Such an always relevant remark.

Anyhow, I think the location of the phone booth would have been a big clue to anyone who knows Halifax.


----------



## OldSolduer (9 Jun 2013)

Oldgateboatdriver said:
			
		

> Anyhow, I think the location of the phone booth would have been a big clue to anyone who knows Halifax.



I Don't know Halifax, please provide context. I take it this is not one of the better parts of town.....

Thanks.


----------



## cupper (9 Jun 2013)

Jim Seggie said:
			
		

> I Don't know Halifax, please provide context. I take it this is not one of the better parts of town.....
> 
> Thanks.



Actually it is not a bad part of town. Halifax Public Gardens, The Lord Nelson Hotel, the Spring Garden Road shopping district.

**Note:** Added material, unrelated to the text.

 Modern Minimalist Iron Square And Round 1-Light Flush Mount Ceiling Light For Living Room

I'd lik eto know the context as well.


----------



## Oldgateboatdriver (9 Jun 2013)

No, not a bad part of town in itself, but a part that attracts a lot of semi-drunk people willing to take up a dare on a Friday night, especially university students.

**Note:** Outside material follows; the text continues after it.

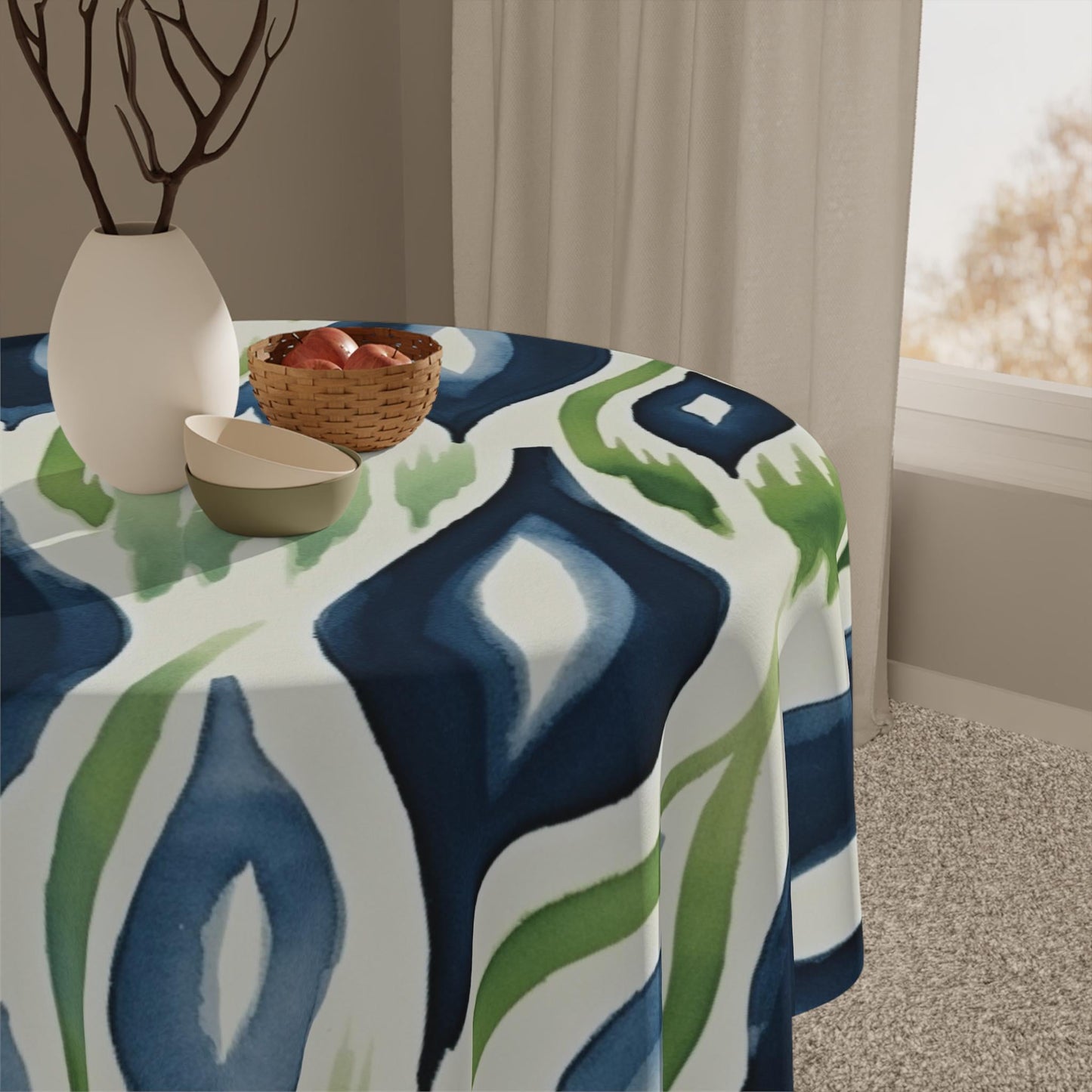 Ikat Modern Watercolor Green Blue Tablecloth - Stylish Spring Summer Bohemian Dining Decor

I should have been more specific. perhaps, that the combination of Friday night and location should have been a clue to young people doing stupid things they would grow to regret on a stupid dare to start with.


----------



## cupper (10 Jun 2013)

Oldgateboatdriver said:
			
		

> No, not a bad part of town in itself, but a part that attracts a lot of semi-drunk people willing to take up a dare on a Friday night, especially university students.
> 
> I should have been more specific. perhaps, that the combination of Friday night and location should have been a clue to young people doing stupid things they would grow to regret on a stupid dare to start with.



Now that makes sense. I resemble that from my young and stupid days oh so many years ago. ;D


----------



## jollyjacktar (10 Jun 2013)

The police have released an audio clip of the 911 call in hopes of someone being able to identify the caller.  It's a man, who doesn't sound drunk, or foreign.  Lots of profanity so most of it is just one long bleep.  He just sounds like an a-hole with some axe to grind.  I hope they catch up with him soon.


----------



## Smirnoff123 (11 Jun 2013)

I hope that this does not keep continuing, it is a shame to see fundraising events such as this being cancelled.


----------



## DBA (11 Jun 2013)

Google street view amazes me when I use it to see the locations described in news articles. The phones I see are in a open area between two bus stops so others may have seen the person making the call or walking around the area.

Search Google maps for "Spring Garden Road and South Park Street" then click on the little man to see a street view. Look around and you can see two phones between bus stops on both sides of a corner.


----------